The Order of Ikkos is a medallion awarded by United States Olympic and Paralympic medalists to an individual who played a significant role in their success. The honor was established by the United States Olympic & Paralympic Committee prior to the 2008 Summer Olympics. Each U.S. Olympic or Paralympic medalist is provided one Order of Ikkos medallion, which they may present to a coach, mentor, teammate, family member, or other person whom they consider to have contributed meaningfully to their achievement.

== History ==
The Order of Ikkos was created by the United States Olympic Committee (now the United States Olympic & Paralympic Committee) in advance of the 2008 Beijing Olympic Games as a means for U.S. medalists to formally acknowledge one individual who contributed significantly to their athletic success. The medallion is separate from Olympic and Paralympic competition medals and is presented at the discretion of each athlete.

== Name ==
The award is named after Iccus of Taranto, an athlete and trainer from Tarentum in ancient Magna Graecia who is traditionally described in classical sources as an early pioneer of athletic training and diet; modern commentators sometimes call him a forerunner of systematic athletic dietetics. The name evokes the historical importance of coaching, preparation and mentorship in athletic achievement.

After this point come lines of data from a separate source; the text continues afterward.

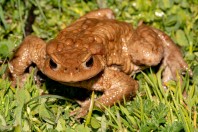 Bufo bufo, Liqeni i Badovcit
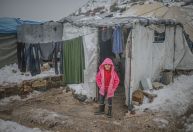 Palestinos fazem campanha de ajuda para refugiados sírios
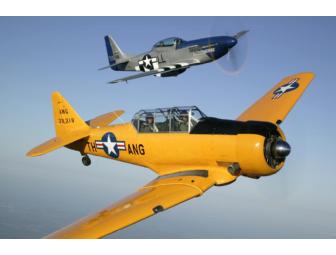 Fly P-51 Mustang and T-6 Texan trainer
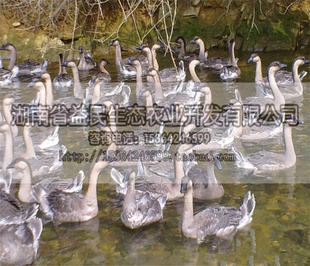 һҶĻҶ糤ٿ۸̬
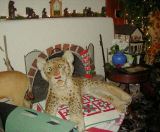 image/_leopard01jpg.jpg, 6.6K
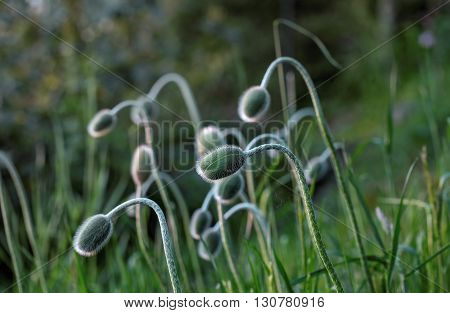 few buds of oriental poppy in grass on natural habitat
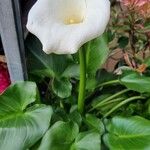 Zantedeschia aethiopica Агульны выгляд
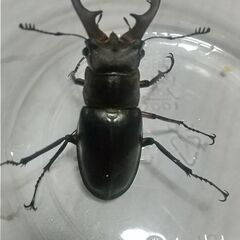 ミヤマクワガタ ♂２匹セットの画像
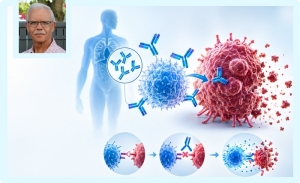 Immuno-et-Curie-thérapies: deux avancées technologiques de traitements du cancer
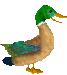 kamo
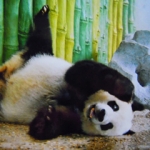 くまきちさんのプロフィール画像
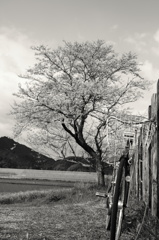 - 名も無き桜 -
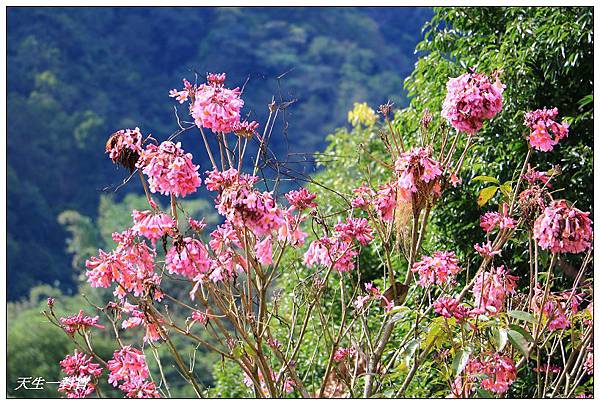 IMG_3534 IMG_3534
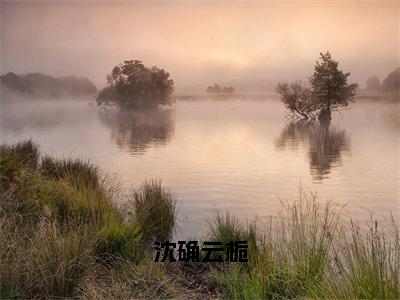 云栀沈确（沈确云栀）在哪免费看-小说（云栀沈确）沈确云栀全文完整版免费阅读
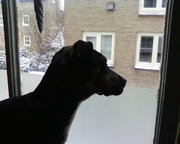 honden foto van julie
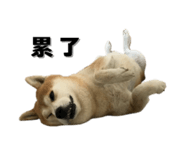 649159980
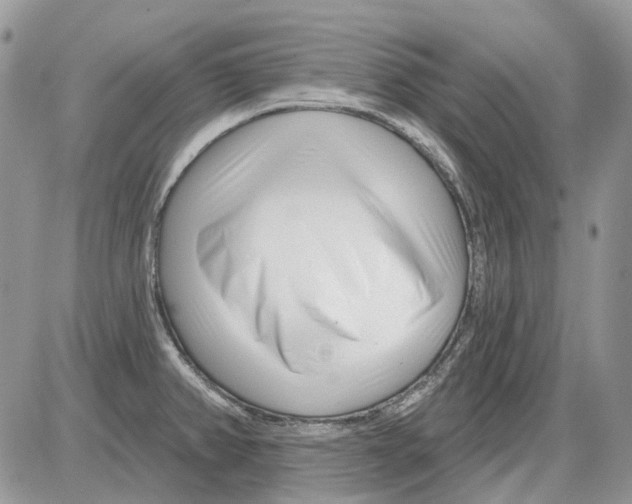 X0000086101382200704202230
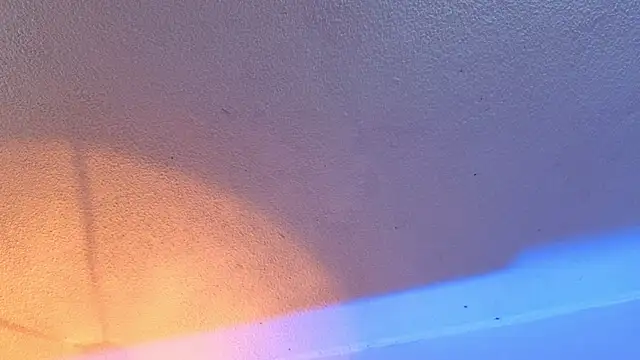 Viioletcollins' Live XXX Chat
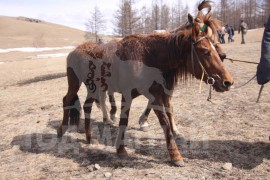 Гачууртын уяачдын холбоо таван нас хүрлээ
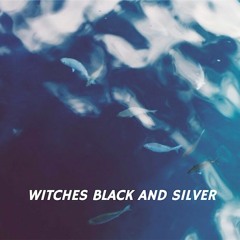 Witches Black and Silver (inspiration)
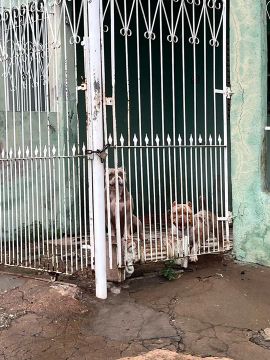 VENDO casal de american bully poket
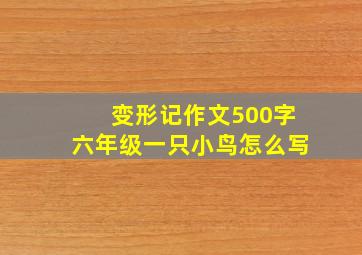 变形记作文500字六年级一只小鸟怎么写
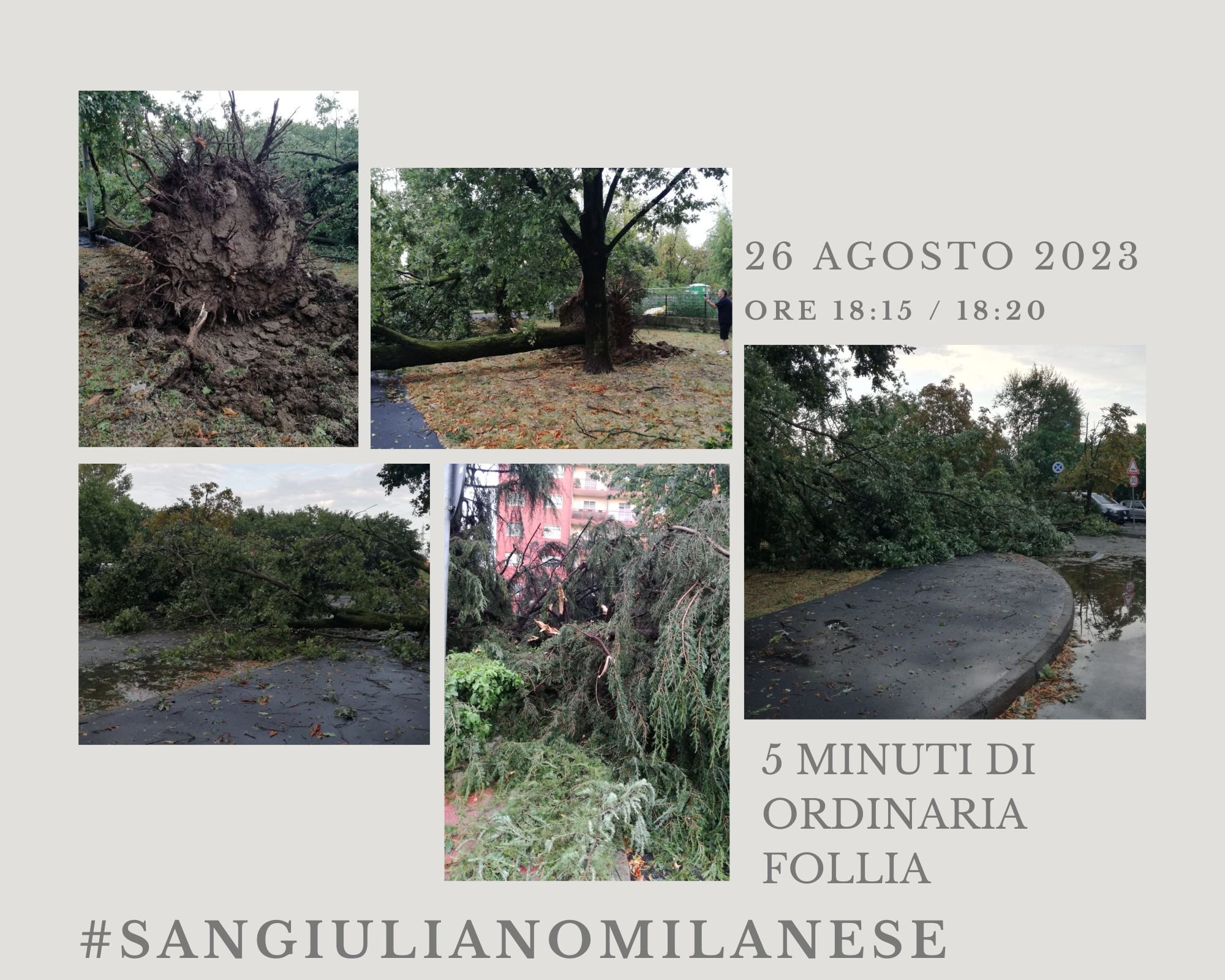 26 Agosto 2023 Danni temporale Via Gorky San Giuliano Milanese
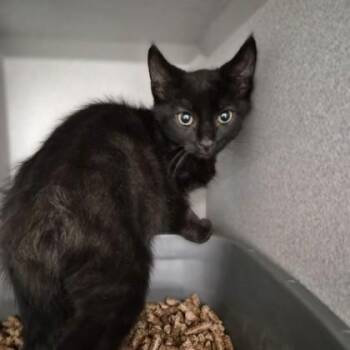 Ash -  Domestic Short Hair Cat for Adoption in Sacramento, California - Ash | PetCurious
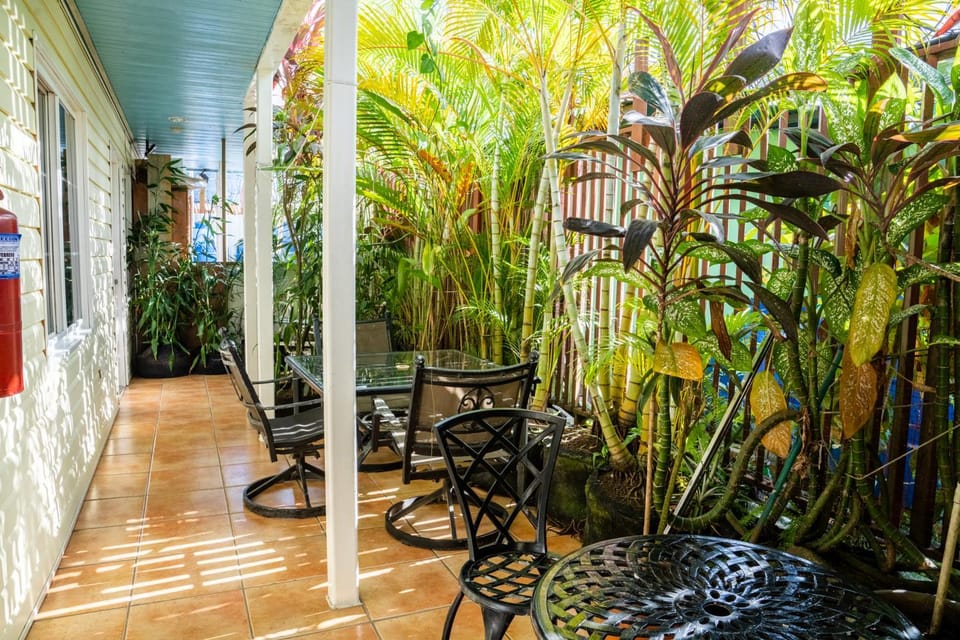 Patio, Day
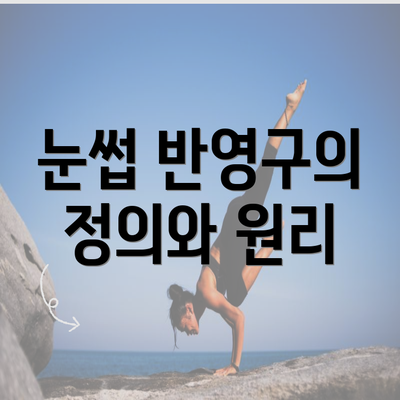 눈썹 반영구의 정의와 원리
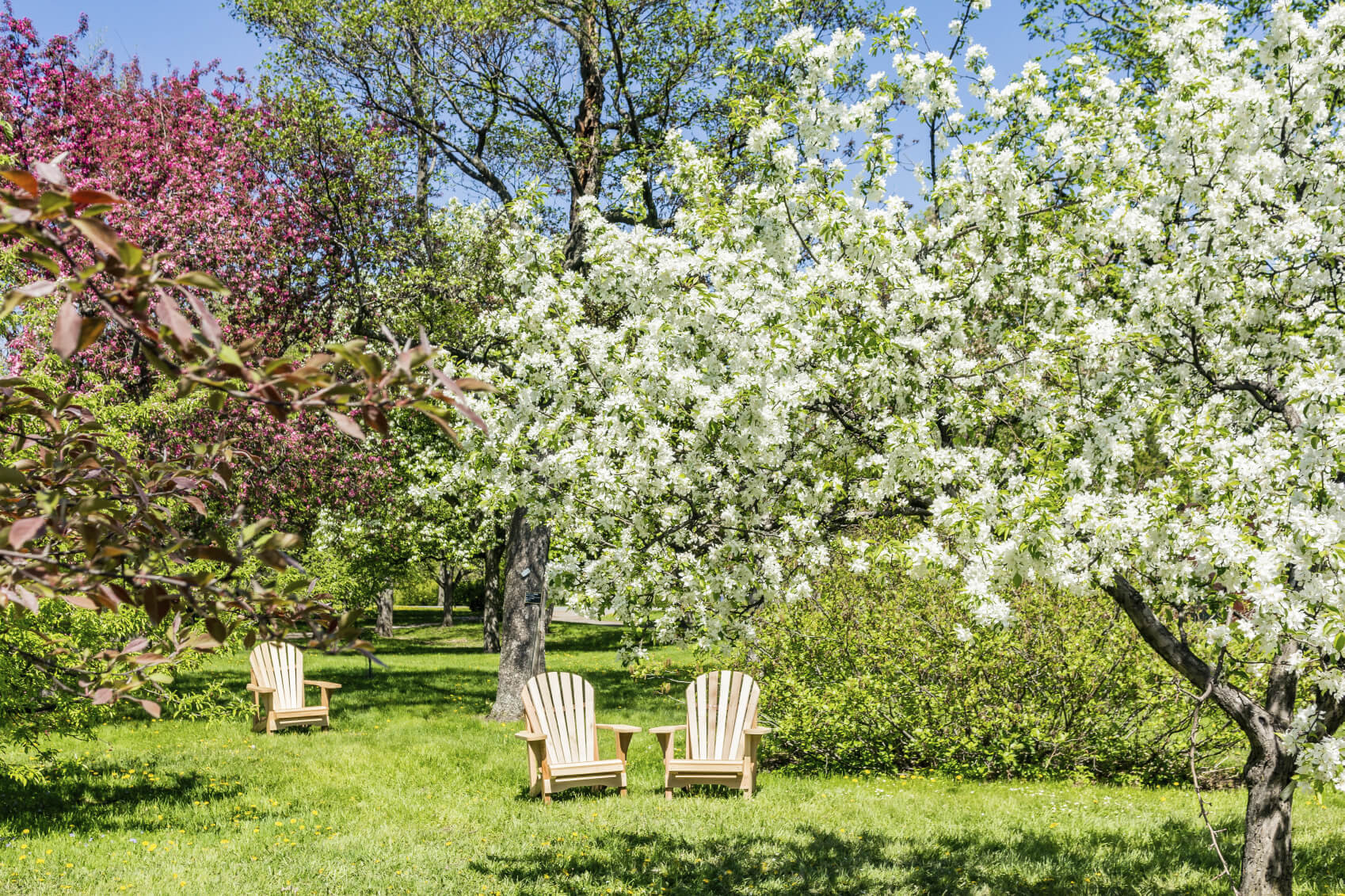 Trees For Backyard
 24 Delicious Backyard Fruit Tree Ideas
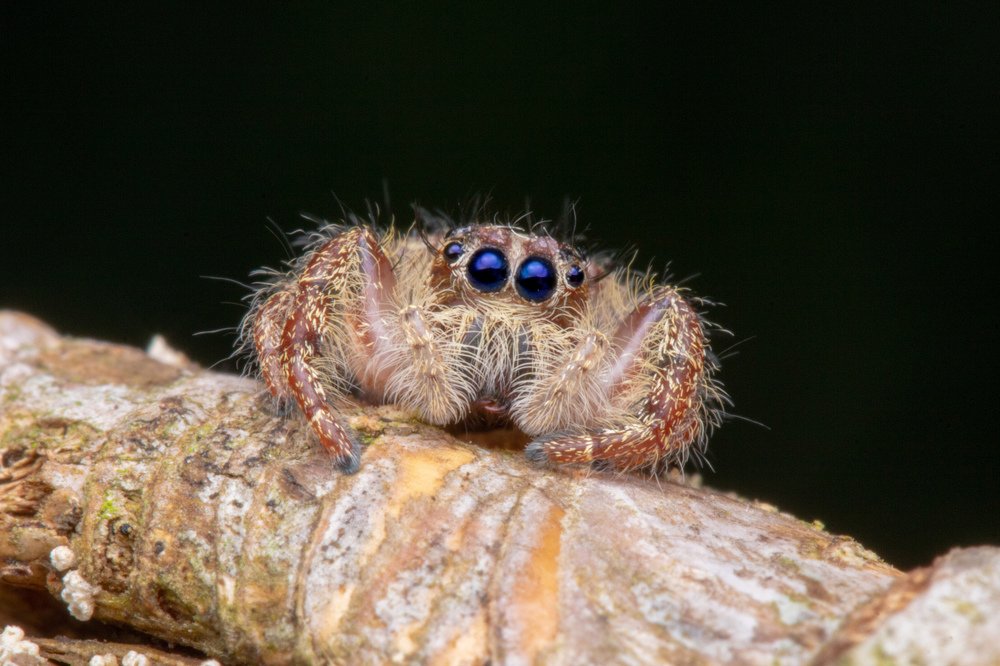 Jumping spider
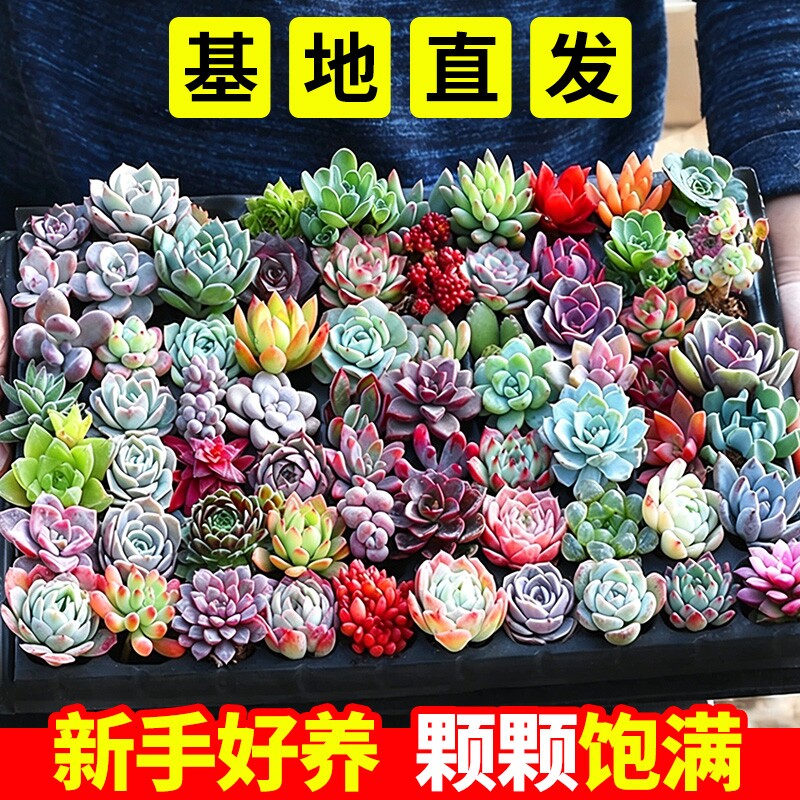 多肉植物组合精品套餐带土阳台室内花卉小盆栽懒人绿植室内盆栽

== Description and presentation ==
The Order of Ikkos medallion is produced for Games use and is typically presented with a ribbon or lanyard reflecting the design of the particular Olympic or Paralympic Games. The medallion is intended as a token of gratitude: each medalist receives a single medallion and may present it to any individual they choose. While coaches are frequent recipients, the award is not limited to coaches and has been presented to teammates, family members and other supporters.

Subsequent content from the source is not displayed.